The River End was not covered until the early 1960s.
The last match played
by Dover on the lower pitch was against Sittingbourne on Monday, 26th.March, 1951, and the first on the now permanent
home on the upper ground was a friendly against a Fulham XI on Saturday, 7th.April, 1951. The stand was not actually
completed by then due a shortage of bolts. It was officially opened on Saturday, 25th.August that year, when we
played Folkestone. Just under 6,000 spectators saw that match. The ground record was established on 13th.October
that year, when just under 7,000 saw us lose to Folkestone in the F.A.Cup. By the early 1960s,
clubs such as Gravesend and Folkestone had installed floodlights, and Dover followed suit. The present four pylons were erected
with four lamps on each, and later in the 1960s, another four pylons – inside the fence around the pitch – were
added. The floodlight opening match took place on Monday, 2nd.October, 1961, and Chelsea’s first team beat
us 4-0 in front of a crowd of 4,312. Included in the Chelsea side was England under-23 international Mike Harrison, who played
for Dover in 1970-72. Various sets of lights have replaced the original ones, and the four central pylons were sold to the
Rugby Club for training lights, and they are still at the south end of the lower ground. One set of lights was bought by Deal
Town. The teams continued
to change in the dressing rooms on the top floor of the pavilion until the 1981-82 season, when the present changing/office
block was opened.
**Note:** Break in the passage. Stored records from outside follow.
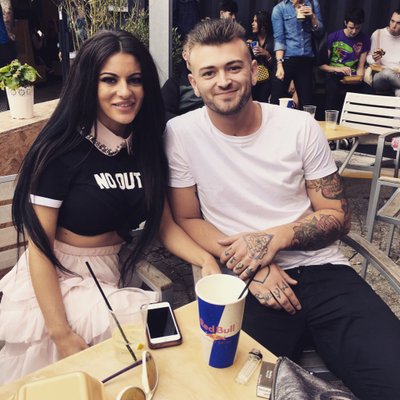 Profile Picture of Emma Corey (@emmacorey1992) on Twitter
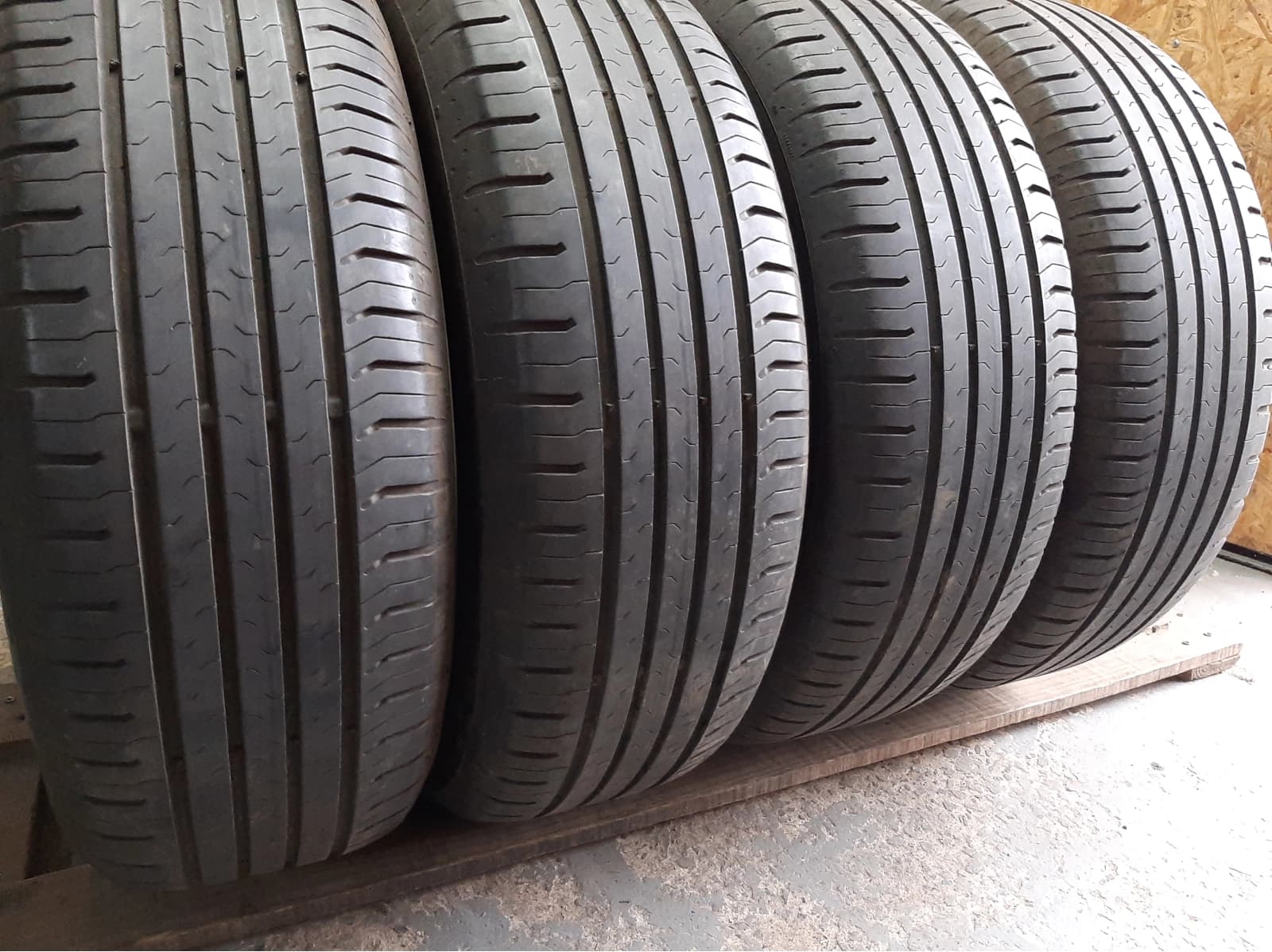 Придбати вживані шини Continental Conti Eco Contact 5 . 215/65 R 16 Вживані шини з Європи Continental Conti Eco Contact 5 . 215/65 R 16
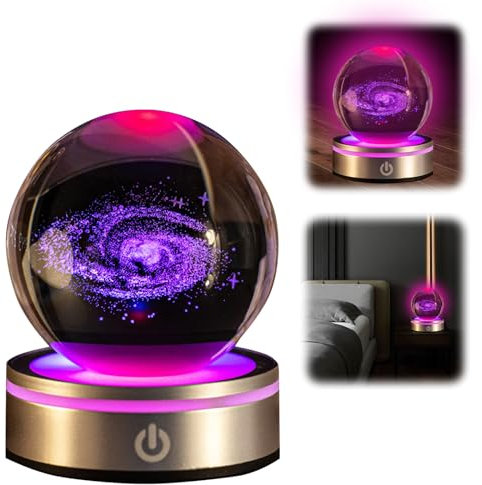 Qivine 3D Kristallkugel Nachtlicht, 80mm Glaskugel Lampe mit Sockel, Fotografie Leuchtkugel Batteriebetrieben, Geschenk für Frauen, Kinder Freunde Familie (Galaxis)
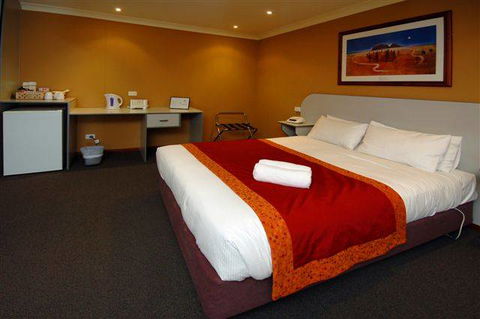 Victoria Hotel - Flights 2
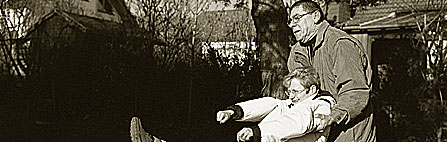 M&ouml;glichkeiten der Behandlung (Bild: ein Mann f&auml;ngt eine fallende Frau auf)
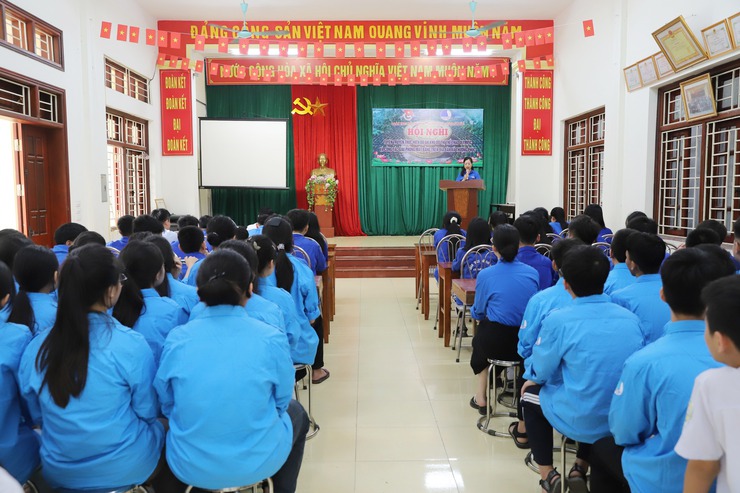 Đoàn Thanh niên xã Thượng Phúc tuyên truyền thực hiện Dự án Khu đô thị thể thao Olympic và công tác giải phóng mặt bằng trên địa bàn xã- Ảnh 1.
Due to crowd problems after a defeat by Gravesend in the Kent Senior Cup in February 1953, the “Northrop Bridge” was installed so that the teams and match officials would
not have to walk through the crowd. In 1990, due to ground-grading problems with the Conference, the three covered sides of the ground were
completely redeveloped, and the ground was then up to Football League standard. The pitch was made more level in the summer
of 1994, and the Family Stand was built in the 1993-94 season. The Centre Spot was opened as a social club in about 1970;
there had been a supporters hut – about half the size of the present one – there for many years. There was a moveable
partition, with the Directors’ area separate from the main bar, until the Boardroom was first moved into the dressing
rooms building, and then on to the top of the stand.